MATERIAL FOR THIS EXERCISE:
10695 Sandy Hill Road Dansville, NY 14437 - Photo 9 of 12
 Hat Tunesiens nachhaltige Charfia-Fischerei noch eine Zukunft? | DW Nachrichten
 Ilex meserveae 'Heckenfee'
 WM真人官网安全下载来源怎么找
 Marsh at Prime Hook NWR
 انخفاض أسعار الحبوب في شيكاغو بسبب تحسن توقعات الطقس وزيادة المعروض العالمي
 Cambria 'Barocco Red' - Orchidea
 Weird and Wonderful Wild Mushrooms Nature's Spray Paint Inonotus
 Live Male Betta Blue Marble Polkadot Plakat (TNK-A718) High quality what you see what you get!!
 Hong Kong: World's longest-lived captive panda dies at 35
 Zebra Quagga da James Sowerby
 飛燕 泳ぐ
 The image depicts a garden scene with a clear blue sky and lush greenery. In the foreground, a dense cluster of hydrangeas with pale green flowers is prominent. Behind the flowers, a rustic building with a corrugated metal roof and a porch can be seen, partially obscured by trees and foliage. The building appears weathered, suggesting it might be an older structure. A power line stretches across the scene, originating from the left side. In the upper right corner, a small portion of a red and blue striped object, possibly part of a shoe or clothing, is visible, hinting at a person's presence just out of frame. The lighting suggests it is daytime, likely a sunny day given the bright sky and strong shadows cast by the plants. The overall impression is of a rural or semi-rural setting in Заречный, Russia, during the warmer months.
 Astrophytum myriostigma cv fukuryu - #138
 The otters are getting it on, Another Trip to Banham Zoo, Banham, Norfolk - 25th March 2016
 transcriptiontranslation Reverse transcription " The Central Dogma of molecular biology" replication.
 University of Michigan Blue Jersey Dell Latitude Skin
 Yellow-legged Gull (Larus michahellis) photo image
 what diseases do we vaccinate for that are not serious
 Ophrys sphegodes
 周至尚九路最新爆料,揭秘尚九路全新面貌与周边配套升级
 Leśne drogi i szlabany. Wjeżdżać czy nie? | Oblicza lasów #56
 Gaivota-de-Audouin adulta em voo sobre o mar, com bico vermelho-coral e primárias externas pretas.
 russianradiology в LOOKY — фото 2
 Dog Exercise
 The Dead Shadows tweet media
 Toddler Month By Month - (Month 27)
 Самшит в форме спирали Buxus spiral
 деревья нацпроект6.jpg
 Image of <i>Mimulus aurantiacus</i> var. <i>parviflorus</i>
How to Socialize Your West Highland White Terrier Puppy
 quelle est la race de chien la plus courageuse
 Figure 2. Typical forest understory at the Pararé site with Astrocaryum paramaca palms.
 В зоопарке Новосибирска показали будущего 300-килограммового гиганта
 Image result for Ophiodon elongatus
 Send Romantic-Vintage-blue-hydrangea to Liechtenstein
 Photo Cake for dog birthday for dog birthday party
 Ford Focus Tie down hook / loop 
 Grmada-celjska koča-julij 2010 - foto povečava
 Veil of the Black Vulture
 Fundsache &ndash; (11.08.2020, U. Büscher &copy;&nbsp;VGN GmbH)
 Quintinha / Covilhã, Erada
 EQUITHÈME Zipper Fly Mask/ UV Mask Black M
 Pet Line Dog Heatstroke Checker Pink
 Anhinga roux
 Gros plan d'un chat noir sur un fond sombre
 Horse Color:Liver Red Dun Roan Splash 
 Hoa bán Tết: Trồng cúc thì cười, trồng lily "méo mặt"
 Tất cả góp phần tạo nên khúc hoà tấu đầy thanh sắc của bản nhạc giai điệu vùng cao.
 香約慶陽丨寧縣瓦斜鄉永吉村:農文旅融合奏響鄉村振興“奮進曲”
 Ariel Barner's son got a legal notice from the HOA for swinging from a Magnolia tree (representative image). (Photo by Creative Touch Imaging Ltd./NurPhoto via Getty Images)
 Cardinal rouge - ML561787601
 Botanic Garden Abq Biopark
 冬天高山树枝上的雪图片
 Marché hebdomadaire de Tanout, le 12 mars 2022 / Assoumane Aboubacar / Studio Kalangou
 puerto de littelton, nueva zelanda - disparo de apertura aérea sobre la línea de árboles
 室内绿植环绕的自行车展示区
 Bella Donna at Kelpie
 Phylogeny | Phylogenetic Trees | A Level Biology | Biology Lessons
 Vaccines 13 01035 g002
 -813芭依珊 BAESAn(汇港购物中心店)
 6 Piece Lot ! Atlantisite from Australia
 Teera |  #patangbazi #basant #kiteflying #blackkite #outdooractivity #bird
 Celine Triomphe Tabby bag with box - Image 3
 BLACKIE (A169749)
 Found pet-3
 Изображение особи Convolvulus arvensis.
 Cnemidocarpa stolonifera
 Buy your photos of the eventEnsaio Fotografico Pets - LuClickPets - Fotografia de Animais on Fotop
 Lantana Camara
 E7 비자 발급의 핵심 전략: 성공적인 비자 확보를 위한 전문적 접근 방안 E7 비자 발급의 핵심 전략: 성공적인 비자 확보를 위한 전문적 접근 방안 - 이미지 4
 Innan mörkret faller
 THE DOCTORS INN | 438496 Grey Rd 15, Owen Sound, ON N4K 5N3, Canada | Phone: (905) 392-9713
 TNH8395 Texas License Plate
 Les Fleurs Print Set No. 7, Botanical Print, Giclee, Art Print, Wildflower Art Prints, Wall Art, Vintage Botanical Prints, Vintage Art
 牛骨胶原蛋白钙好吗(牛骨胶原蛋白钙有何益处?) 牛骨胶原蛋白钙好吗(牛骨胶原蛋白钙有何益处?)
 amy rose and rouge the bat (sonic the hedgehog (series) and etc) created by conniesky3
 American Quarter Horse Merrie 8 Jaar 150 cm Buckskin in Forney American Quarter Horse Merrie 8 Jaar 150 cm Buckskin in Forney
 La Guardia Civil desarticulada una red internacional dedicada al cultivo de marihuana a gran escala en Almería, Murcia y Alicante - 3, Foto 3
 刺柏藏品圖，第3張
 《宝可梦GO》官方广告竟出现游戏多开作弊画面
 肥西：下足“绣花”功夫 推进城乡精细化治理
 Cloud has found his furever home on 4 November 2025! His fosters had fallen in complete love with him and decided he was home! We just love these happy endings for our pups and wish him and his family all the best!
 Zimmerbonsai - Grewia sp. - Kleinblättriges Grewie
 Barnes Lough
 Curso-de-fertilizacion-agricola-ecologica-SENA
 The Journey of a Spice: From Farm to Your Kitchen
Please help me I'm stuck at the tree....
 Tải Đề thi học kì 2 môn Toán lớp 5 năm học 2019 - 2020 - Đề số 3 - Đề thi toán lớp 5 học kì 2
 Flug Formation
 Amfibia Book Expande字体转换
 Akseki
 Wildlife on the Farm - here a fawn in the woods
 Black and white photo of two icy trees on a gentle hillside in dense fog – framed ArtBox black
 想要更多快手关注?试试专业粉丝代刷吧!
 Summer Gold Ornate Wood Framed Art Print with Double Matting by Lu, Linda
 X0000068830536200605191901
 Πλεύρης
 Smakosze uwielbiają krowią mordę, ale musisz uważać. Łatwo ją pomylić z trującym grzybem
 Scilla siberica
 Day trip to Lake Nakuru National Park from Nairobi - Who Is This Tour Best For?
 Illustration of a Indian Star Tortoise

HOW TO COMPLETE THIS TASK: For the material above, reproduce exactly the lines from the line with "Horse Color:Liver Red Dun Roan Splash" to the line with "Cnemidocarpa stolonifera", inclusive, and exclude all others.

ANSWER TO THE PROBLEM:
 Horse Color:Liver Red Dun Roan Splash 
 Hoa bán Tết: Trồng cúc thì cười, trồng lily "méo mặt"
 Tất cả góp phần tạo nên khúc hoà tấu đầy thanh sắc của bản nhạc giai điệu vùng cao.
 香約慶陽丨寧縣瓦斜鄉永吉村:農文旅融合奏響鄉村振興“奮進曲”
 Ariel Barner's son got a legal notice from the HOA for swinging from a Magnolia tree (representative image). (Photo by Creative Touch Imaging Ltd./NurPhoto via Getty Images)
 Cardinal rouge - ML561787601
 Botanic Garden Abq Biopark
 冬天高山树枝上的雪图片
 Marché hebdomadaire de Tanout, le 12 mars 2022 / Assoumane Aboubacar / Studio Kalangou
 puerto de littelton, nueva zelanda - disparo de apertura aérea sobre la línea de árboles
 室内绿植环绕的自行车展示区
 Bella Donna at Kelpie
 Phylogeny | Phylogenetic Trees | A Level Biology | Biology Lessons
 Vaccines 13 01035 g002
 -813芭依珊 BAESAn(汇港购物中心店)
 6 Piece Lot ! Atlantisite from Australia
 Teera |  #patangbazi #basant #kiteflying #blackkite #outdooractivity #bird
 Celine Triomphe Tabby bag with box - Image 3
 BLACKIE (A169749)
 Found pet-3
 Изображение особи Convolvulus arvensis.
 Cnemidocarpa stolonifera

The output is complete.